Por que às vezes não me reconheço?
O apóstolo Paulo, em sua carta aos Romanos faz um depoimento que é extremamente atual, apesar de escrito há quase 2000 anos. Diz ele:
“Efetivamente, eu não compreendo nada do que faço: o que eu quero, não o faço, mas o que eu odeio, faço-o” (BÍBLIA, Romanos 7, 15)
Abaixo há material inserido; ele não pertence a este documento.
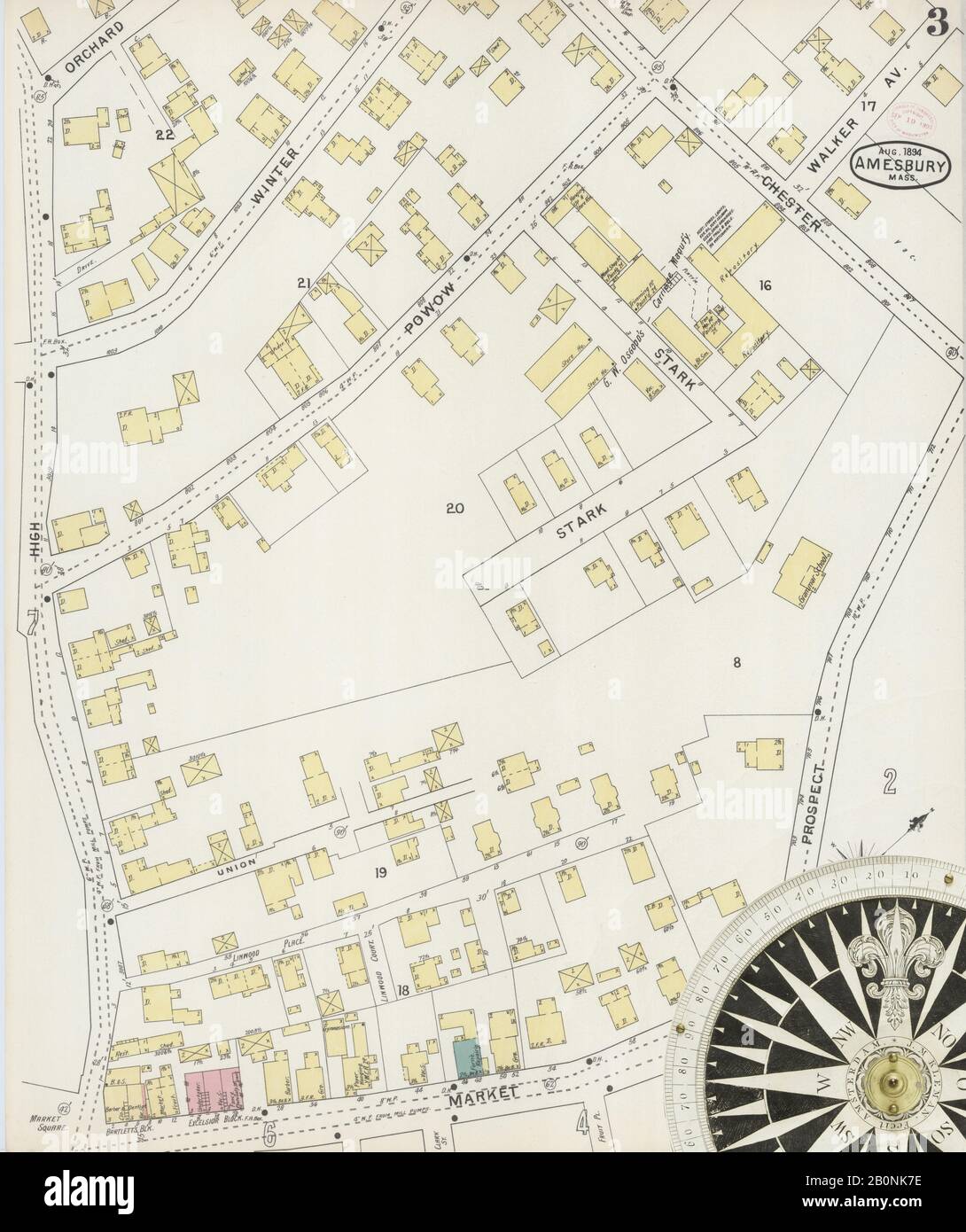 Immagine 3 Della Mappa Sanborn Fire Insurance Di Amesbury, Essex County, Massachusetts. Ago 1894. 12 fogli, America, mappa stradale con una bussola Del Xix Secolo Foto Stock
Ora, por muitas vezes é muito difícil interpretarmos nós mesmos. Veja, num momento estamos felizes, minutos depois angustiados… num momento queremos ficar junto das pessoas, minutos depois, nós enjoamos e queremos mais é ir embora para a nossa intimidade. Parece que temos emoções e sensações difíceis de compreender. E acontece em segundos… feliz/triste, em paz/angustiado, solidário/egoísta, santo/pecador, motivado/preguiçoso e por aí vai.
Não obstante, parece que essa aparente dicotomia também me leva a alguma frustração, porque apesar de saber a importância daquela dieta, do meu projeto, do abandono dos vícios, do cumprimento dos prazos; me vejo por vezes fazendo exatamente o contrário.
Quando criança, usava muito a expressão “estou com quero, mas não quero”. Mas, por que às vezes não me reconheço?
Pois bem, Carl G. Jung em sua teoria representa o ser humano como um ser polarizado. Em outras palavras, ele diz que somos os contrários como sensação e intuição, pensamento e sentimento, de modo que geralmente temos um lado mais desenvolvido que o outro, porém, o equilíbrio é muito importante. “Esses quatro tipos funcionais correspondem às quatro formas evidentes, pelas quais a consciência se orienta em relação à experiência”. (JUNG, 2008. Pág. 74)
Essa luta dos contrários na história da filosofia antiga iniciou-se da observação da natureza (physis) e ao passar do tempo foi integrada na avaliação do ser humano em sua interioridade. Heráclito, filósofo grego de Éfeso, que viveu entre os séculos VI e V a.c., dizia que existe uma harmonia entre os contrários. “E, na harmonia, os opostos se coincidem: O caminho da subida e o caminho da descida são um único e mesmo caminho. (…) No círculo, o fim e o princípio são comuns (…) o desperto e o adormecido, o jovem e o velho são a mesma coisa (…) Assim, “tudo é um”.” (REALE, 1990. Pág. 37).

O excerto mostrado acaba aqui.